(Caption-style text data)

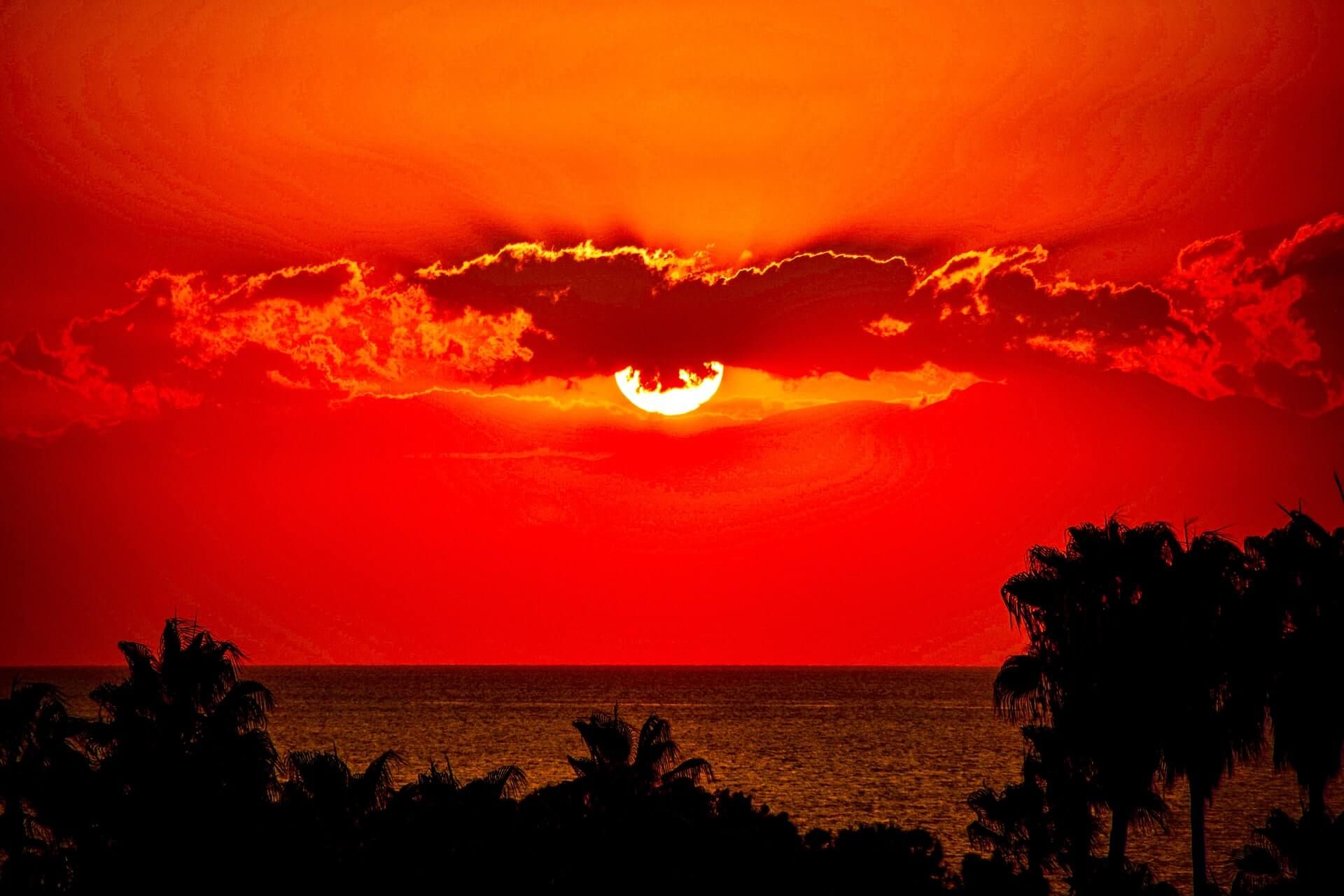 Redeye: Cloud Regression Tests for HyperFeed ®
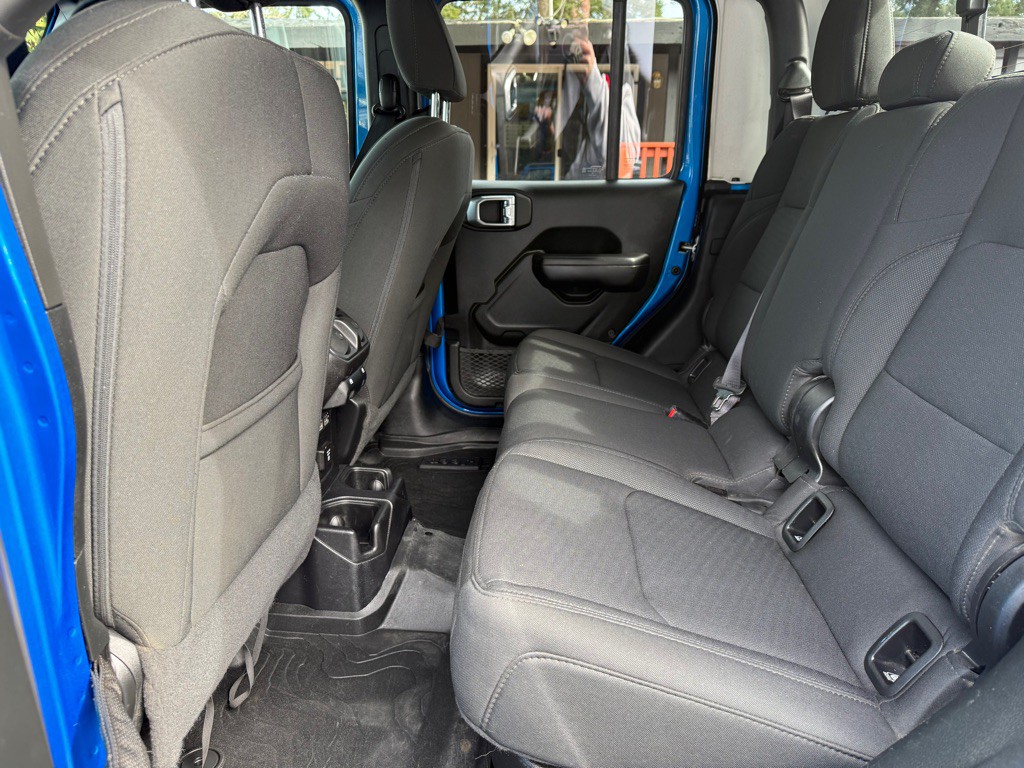 2021 Jeep Gladiator Image 10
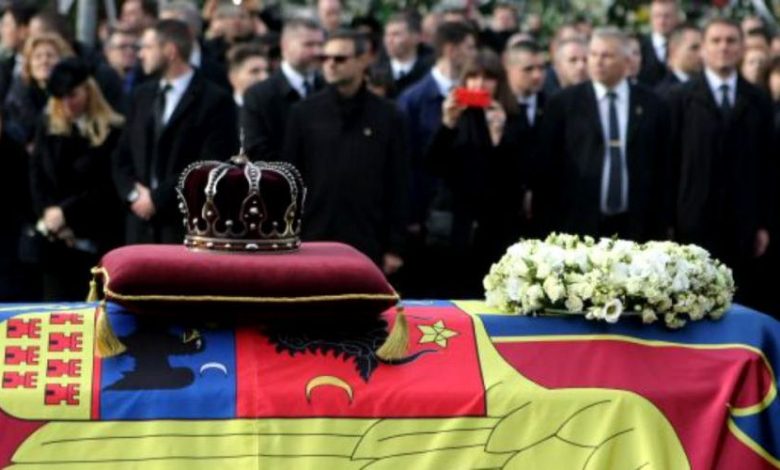 DRUM LIN, MAJESTATE! România cuviincioasă se desparte de Regele său 1 mihai4.jpg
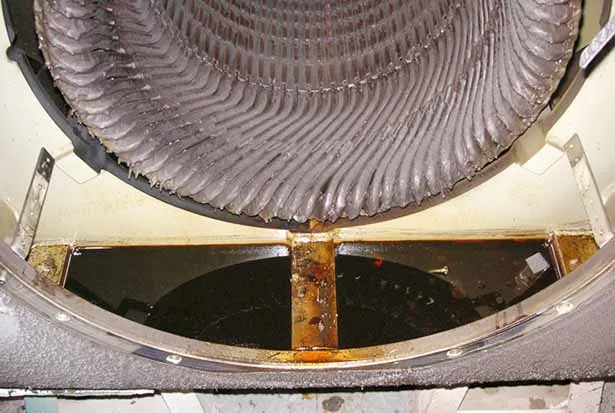 Figure 10: Oil filling the bottom of the motor.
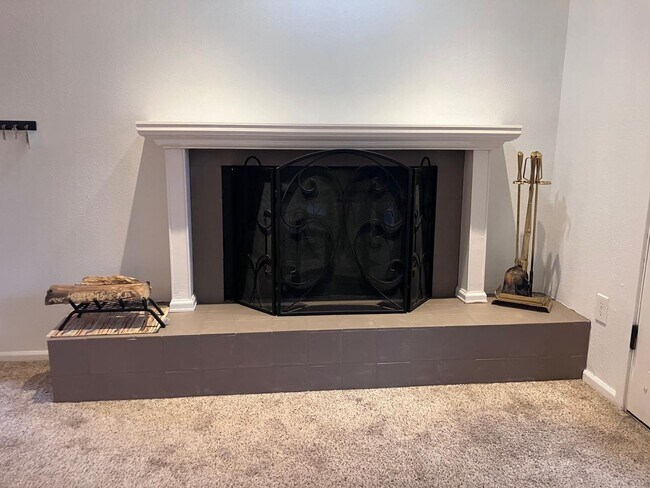 Building Photo - Fabulous 2 Bedroom 2 Bathroom Condo in Boulder!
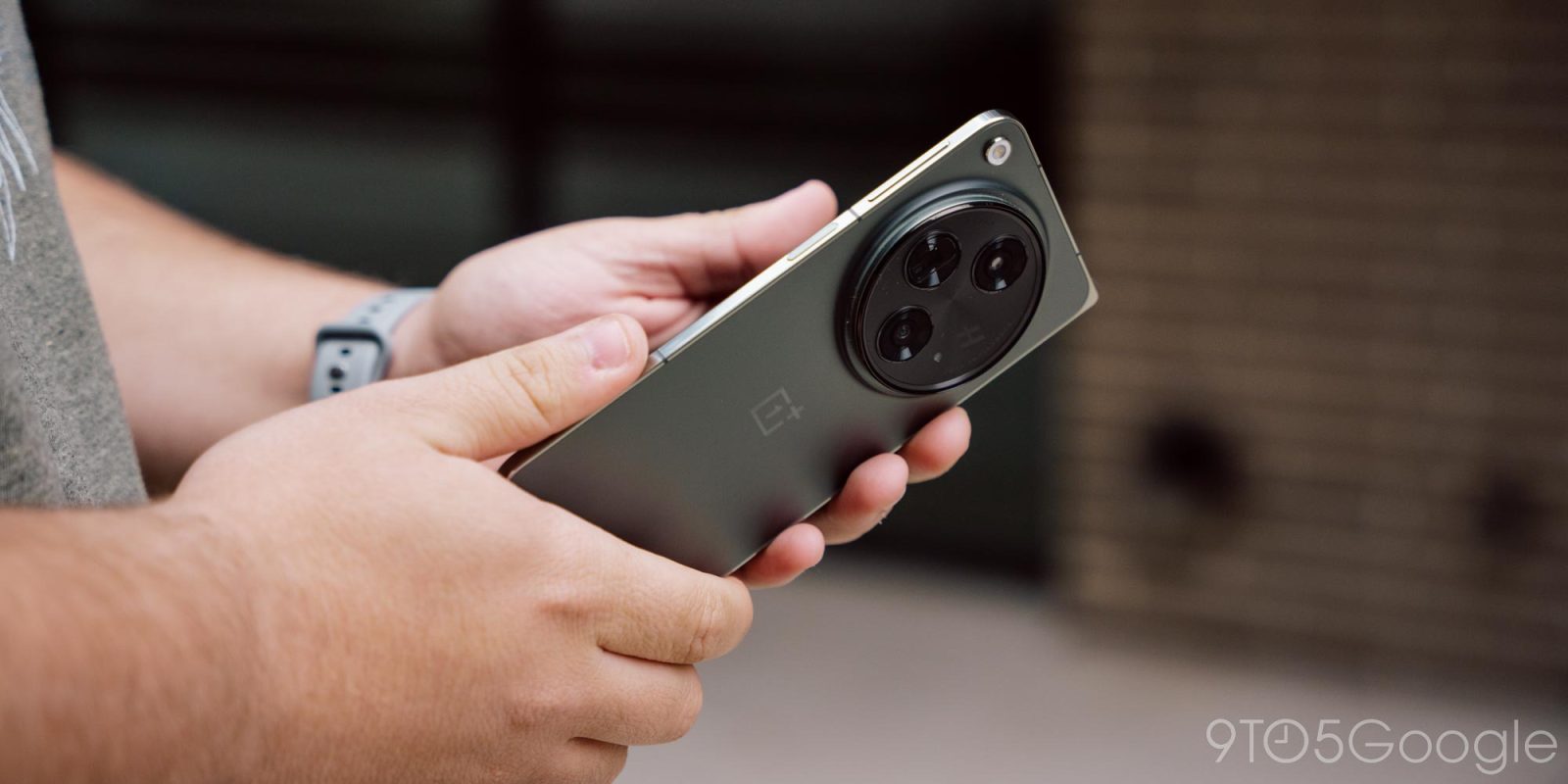OnePlus Open now getting Android 14 in the US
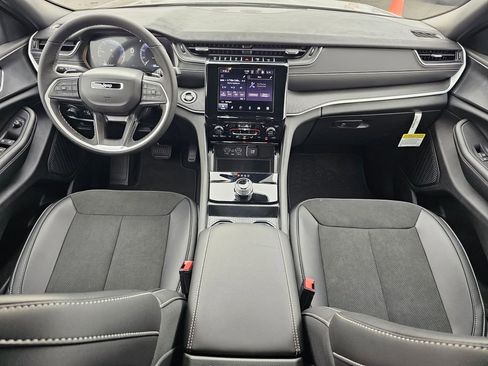 New 2025 Jeep Grand Cherokee L Altitude image 10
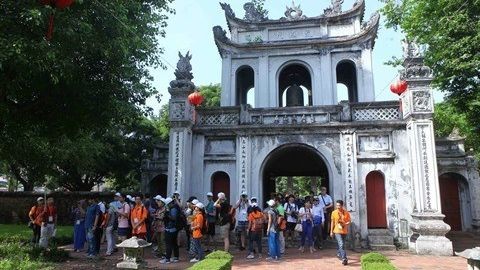 Touristes visitant le temple de la Littérature à Hanoi. Photo : CVN.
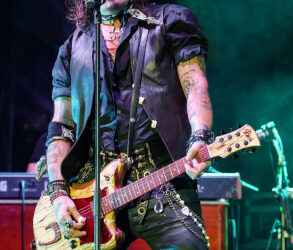 Prototypes live with Johnny Depp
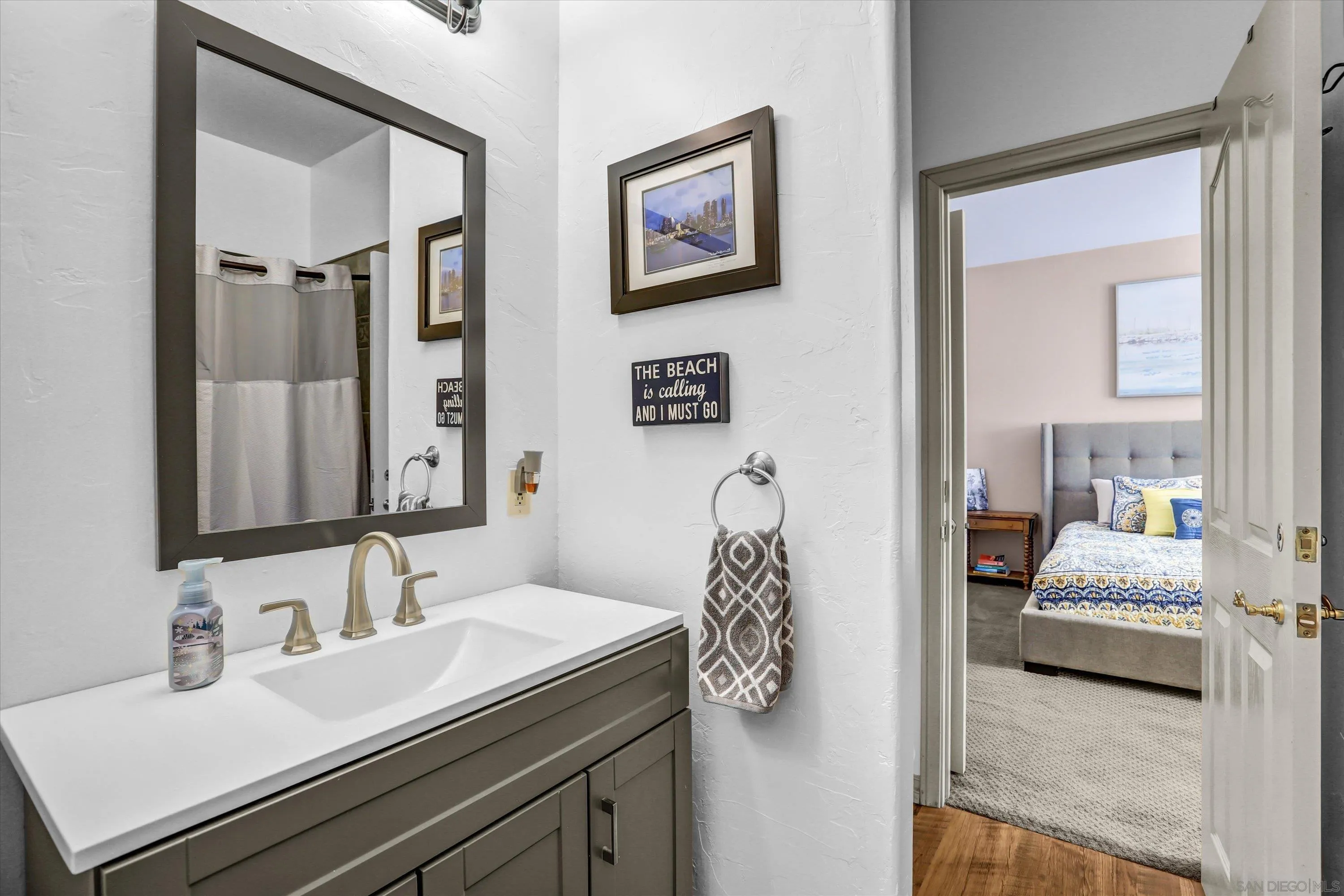 https://cdn.realtyfeed.com/cdn/127/260017234/4a0abda89533e953a18e05ea3897c77f.webp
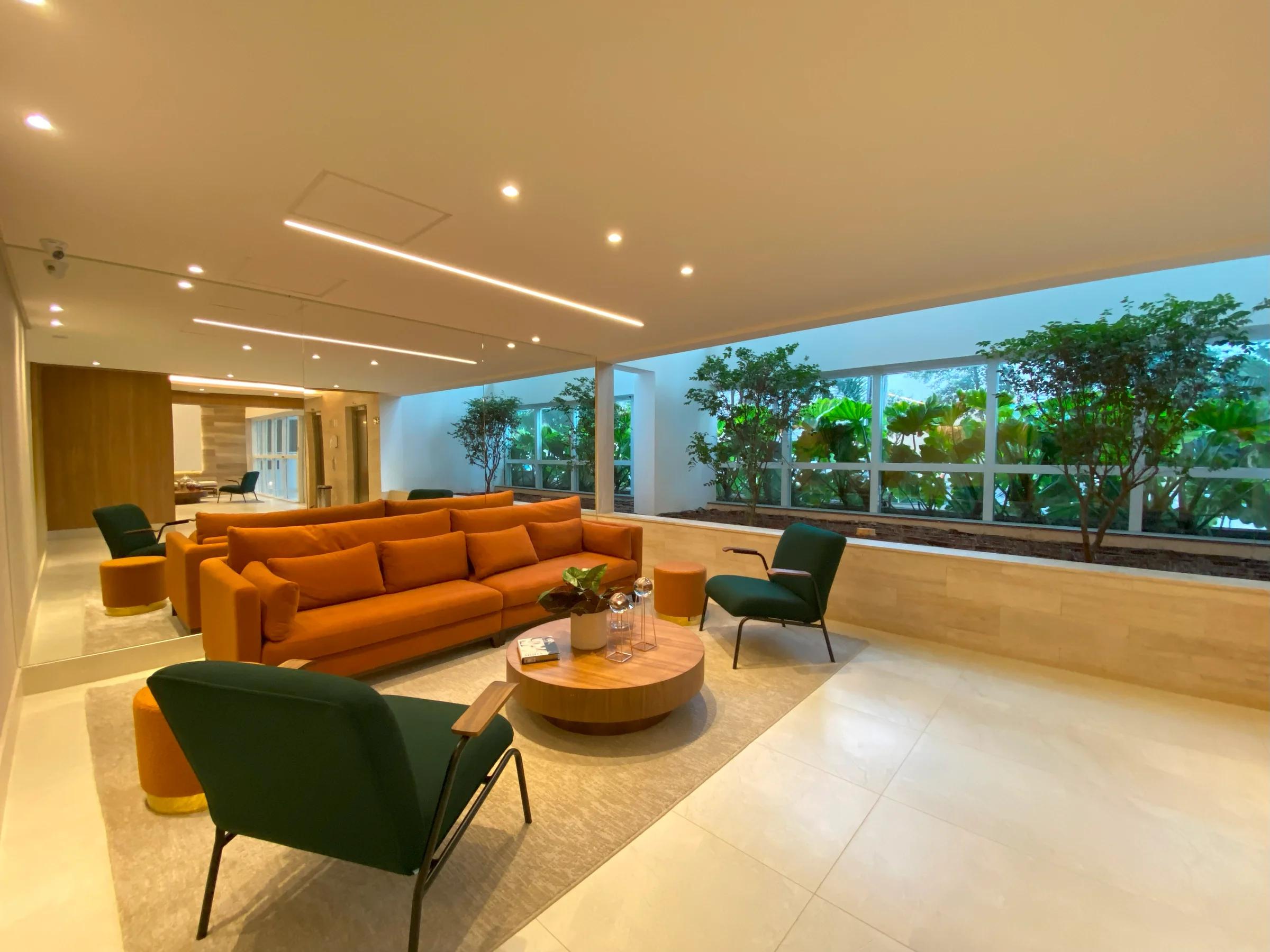 Hall íntimo do Quintas de Goyaz com sofás e vista para o jardim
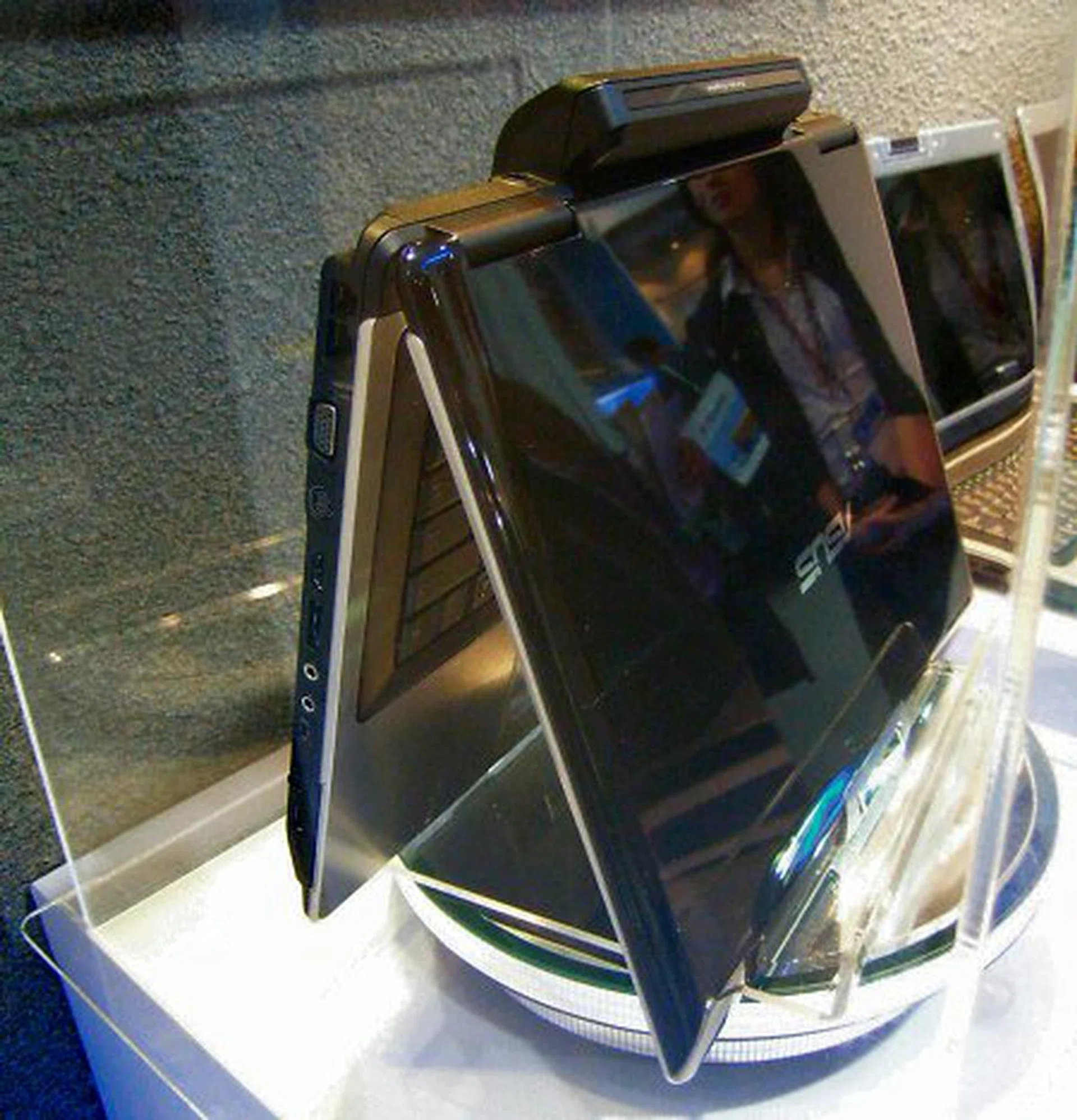  You've seen desktop replacements before from, but none like the new ASUS C90 prototype. This notebook actually looks like a notebook with a 15.4-inch WSXGA+ screen, but we'll clue you in on a little secret. The extra bulge at the back is not a high capacity battery, but a cooling unit.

▶ Work required:
Set down each entry above exactly as it appears. Omit the pictures.

▶ Task answer:
 Redeye: Cloud Regression Tests for HyperFeed ®
 2021 Jeep Gladiator Image 10
 DRUM LIN, MAJESTATE! România cuviincioasă se desparte de Regele său 1 mihai4.jpg
 Figure 10: Oil filling the bottom of the motor.
 Building Photo - Fabulous 2 Bedroom 2 Bathroom Condo in Boulder!
OnePlus Open now getting Android 14 in the US
 New 2025 Jeep Grand Cherokee L Altitude image 10
 Touristes visitant le temple de la Littérature à Hanoi. Photo : CVN.
 Prototypes live with Johnny Depp
 https://cdn.realtyfeed.com/cdn/127/260017234/4a0abda89533e953a18e05ea3897c77f.webp
 Hall íntimo do Quintas de Goyaz com sofás e vista para o jardim
  You've seen desktop replacements before from, but none like the new ASUS C90 prototype. This notebook actually looks like a notebook with a 15.4-inch WSXGA+ screen, but we'll clue you in on a little secret. The extra bulge at the back is not a high capacity battery, but a cooling unit.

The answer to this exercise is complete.